- _What is needed_:
In the records below, begin at the line containing "27/30 エントランス" and end at the line containing "1922 County Road 324 - Photo 1"; quote every line in that span exactly, including both boundary lines, and no others.

Entries taken from a collection
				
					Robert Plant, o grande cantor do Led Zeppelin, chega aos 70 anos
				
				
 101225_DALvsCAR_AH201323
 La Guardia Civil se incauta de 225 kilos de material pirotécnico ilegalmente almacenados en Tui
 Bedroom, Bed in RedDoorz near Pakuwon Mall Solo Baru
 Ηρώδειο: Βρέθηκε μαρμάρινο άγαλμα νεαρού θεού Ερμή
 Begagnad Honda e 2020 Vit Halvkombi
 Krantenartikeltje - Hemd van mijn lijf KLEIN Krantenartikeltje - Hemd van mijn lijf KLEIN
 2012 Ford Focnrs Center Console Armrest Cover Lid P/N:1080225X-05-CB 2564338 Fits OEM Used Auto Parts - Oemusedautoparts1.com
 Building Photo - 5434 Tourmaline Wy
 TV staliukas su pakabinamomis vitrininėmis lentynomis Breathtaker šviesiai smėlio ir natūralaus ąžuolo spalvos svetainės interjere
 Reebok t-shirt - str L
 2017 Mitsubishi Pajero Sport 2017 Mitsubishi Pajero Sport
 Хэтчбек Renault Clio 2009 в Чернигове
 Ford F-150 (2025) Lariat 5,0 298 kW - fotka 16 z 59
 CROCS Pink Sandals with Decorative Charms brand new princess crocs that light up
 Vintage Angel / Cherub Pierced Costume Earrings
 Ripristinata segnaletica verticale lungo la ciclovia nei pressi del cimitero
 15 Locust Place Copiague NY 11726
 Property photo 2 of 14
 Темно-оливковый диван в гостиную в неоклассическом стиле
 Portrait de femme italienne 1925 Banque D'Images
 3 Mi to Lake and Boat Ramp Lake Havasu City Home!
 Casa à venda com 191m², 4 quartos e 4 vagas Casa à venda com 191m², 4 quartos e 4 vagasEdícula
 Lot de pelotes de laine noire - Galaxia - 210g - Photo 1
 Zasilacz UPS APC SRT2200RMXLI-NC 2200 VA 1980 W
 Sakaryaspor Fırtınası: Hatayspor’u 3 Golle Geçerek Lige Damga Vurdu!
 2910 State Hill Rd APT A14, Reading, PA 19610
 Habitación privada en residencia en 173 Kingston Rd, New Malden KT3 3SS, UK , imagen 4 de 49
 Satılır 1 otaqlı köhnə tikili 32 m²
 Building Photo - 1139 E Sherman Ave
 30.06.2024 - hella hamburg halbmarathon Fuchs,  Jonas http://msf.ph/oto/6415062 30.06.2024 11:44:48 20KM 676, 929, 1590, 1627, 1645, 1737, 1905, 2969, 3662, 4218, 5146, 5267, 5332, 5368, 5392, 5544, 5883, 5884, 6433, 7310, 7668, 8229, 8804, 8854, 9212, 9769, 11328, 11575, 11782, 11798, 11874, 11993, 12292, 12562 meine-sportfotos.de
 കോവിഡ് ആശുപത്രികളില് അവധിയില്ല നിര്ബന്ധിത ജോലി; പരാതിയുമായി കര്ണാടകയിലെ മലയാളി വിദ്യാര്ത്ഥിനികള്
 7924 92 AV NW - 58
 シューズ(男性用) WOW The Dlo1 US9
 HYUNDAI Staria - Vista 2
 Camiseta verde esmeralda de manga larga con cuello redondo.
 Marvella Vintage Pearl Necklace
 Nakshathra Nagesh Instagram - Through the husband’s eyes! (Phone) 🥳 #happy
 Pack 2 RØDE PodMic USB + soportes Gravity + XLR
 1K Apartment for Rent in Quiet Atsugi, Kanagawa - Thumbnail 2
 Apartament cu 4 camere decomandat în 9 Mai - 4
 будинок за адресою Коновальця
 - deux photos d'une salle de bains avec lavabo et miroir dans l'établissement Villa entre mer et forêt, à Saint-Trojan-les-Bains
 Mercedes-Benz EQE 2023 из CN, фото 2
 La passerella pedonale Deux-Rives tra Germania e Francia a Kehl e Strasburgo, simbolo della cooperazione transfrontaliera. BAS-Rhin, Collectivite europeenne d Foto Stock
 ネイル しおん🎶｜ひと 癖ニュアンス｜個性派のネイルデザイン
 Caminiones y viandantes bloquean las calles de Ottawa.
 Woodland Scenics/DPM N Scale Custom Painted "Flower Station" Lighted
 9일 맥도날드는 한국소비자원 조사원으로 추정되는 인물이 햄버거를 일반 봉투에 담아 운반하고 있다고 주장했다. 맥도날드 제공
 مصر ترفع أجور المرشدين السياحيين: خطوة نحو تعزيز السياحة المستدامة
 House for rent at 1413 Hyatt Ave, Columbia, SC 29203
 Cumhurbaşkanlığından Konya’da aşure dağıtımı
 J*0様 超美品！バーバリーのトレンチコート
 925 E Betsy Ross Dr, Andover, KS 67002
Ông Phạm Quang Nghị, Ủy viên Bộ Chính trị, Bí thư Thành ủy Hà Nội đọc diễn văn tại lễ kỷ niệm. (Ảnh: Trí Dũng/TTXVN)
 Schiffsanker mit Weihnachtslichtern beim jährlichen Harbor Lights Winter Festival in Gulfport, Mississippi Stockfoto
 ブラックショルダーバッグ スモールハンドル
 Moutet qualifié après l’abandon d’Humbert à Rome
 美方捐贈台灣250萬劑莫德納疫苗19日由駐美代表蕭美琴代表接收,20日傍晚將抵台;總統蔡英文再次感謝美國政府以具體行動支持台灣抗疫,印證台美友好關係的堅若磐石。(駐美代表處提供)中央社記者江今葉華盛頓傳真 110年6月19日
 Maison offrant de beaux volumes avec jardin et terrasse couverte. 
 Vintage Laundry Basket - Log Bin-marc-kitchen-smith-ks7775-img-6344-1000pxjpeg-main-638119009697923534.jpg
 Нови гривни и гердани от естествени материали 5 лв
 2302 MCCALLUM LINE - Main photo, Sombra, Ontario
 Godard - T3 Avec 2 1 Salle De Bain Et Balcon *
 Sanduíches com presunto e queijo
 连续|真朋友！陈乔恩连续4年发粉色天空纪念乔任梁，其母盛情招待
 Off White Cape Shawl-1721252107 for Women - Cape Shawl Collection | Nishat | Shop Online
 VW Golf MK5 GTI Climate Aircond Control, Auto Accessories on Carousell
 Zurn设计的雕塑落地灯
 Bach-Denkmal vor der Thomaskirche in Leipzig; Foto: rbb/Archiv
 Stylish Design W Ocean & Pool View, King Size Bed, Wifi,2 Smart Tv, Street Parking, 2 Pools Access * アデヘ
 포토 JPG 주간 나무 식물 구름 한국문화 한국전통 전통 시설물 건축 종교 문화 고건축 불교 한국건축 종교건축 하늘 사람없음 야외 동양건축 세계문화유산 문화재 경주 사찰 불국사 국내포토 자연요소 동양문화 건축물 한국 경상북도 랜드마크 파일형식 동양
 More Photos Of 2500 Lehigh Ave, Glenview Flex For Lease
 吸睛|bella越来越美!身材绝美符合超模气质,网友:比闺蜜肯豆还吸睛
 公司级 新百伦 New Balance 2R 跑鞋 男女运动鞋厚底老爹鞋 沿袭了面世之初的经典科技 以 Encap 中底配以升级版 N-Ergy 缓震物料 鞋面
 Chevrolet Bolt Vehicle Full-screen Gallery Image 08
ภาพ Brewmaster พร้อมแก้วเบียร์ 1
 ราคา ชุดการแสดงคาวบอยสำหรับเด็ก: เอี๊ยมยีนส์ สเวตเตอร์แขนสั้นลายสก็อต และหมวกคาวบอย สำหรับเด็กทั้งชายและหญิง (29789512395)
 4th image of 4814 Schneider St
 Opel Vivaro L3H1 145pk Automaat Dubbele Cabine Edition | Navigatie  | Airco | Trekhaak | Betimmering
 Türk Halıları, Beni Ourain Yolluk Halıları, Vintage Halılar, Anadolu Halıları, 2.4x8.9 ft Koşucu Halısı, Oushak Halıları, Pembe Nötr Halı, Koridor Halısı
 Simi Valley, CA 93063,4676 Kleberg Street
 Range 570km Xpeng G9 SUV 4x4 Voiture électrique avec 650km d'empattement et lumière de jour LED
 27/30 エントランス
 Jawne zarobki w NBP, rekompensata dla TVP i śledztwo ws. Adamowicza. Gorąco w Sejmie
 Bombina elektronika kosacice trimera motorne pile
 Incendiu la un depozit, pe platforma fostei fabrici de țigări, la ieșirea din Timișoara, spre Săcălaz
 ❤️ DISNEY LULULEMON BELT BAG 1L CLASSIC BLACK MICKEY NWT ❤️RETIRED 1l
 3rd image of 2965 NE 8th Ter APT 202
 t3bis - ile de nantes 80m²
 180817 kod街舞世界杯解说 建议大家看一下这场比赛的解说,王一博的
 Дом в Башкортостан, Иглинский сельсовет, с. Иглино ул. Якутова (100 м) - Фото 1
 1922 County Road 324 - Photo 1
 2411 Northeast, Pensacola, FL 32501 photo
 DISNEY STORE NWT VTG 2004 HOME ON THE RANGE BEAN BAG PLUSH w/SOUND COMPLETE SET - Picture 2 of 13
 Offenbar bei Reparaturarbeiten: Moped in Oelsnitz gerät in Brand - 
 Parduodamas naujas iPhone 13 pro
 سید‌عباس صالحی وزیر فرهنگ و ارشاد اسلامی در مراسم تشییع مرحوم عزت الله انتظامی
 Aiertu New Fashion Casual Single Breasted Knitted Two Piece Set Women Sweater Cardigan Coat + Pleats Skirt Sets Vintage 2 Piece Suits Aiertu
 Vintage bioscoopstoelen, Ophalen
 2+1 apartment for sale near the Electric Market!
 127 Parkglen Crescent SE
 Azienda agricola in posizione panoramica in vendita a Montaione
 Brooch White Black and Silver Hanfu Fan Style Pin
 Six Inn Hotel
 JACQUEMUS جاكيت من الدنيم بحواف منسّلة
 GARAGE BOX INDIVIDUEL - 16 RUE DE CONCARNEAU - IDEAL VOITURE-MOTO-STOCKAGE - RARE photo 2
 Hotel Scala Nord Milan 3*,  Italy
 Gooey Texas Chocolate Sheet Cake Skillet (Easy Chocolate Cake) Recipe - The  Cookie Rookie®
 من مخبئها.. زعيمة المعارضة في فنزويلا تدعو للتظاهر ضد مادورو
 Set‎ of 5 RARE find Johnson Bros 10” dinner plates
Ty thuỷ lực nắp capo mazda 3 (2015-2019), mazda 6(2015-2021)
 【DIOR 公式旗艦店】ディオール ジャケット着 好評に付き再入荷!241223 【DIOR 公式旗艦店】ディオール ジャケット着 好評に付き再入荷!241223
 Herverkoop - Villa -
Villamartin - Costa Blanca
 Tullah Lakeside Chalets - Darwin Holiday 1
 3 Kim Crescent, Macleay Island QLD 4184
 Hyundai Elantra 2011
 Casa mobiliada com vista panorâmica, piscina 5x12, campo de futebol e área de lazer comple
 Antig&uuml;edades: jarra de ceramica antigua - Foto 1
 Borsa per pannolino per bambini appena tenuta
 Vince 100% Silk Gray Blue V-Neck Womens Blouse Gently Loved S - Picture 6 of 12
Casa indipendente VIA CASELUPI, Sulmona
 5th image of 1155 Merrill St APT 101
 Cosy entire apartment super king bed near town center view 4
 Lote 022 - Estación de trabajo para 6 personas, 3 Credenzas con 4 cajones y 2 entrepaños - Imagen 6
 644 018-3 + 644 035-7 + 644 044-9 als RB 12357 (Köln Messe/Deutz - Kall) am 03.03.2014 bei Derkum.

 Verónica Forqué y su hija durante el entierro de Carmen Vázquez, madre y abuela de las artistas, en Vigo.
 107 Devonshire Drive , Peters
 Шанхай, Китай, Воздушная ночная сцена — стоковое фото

- _Response box_:
 27/30 エントランス
 Jawne zarobki w NBP, rekompensata dla TVP i śledztwo ws. Adamowicza. Gorąco w Sejmie
 Bombina elektronika kosacice trimera motorne pile
 Incendiu la un depozit, pe platforma fostei fabrici de țigări, la ieșirea din Timișoara, spre Săcălaz
 ❤️ DISNEY LULULEMON BELT BAG 1L CLASSIC BLACK MICKEY NWT ❤️RETIRED 1l
 3rd image of 2965 NE 8th Ter APT 202
 t3bis - ile de nantes 80m²
 180817 kod街舞世界杯解说 建议大家看一下这场比赛的解说,王一博的
 Дом в Башкортостан, Иглинский сельсовет, с. Иглино ул. Якутова (100 м) - Фото 1
 1922 County Road 324 - Photo 1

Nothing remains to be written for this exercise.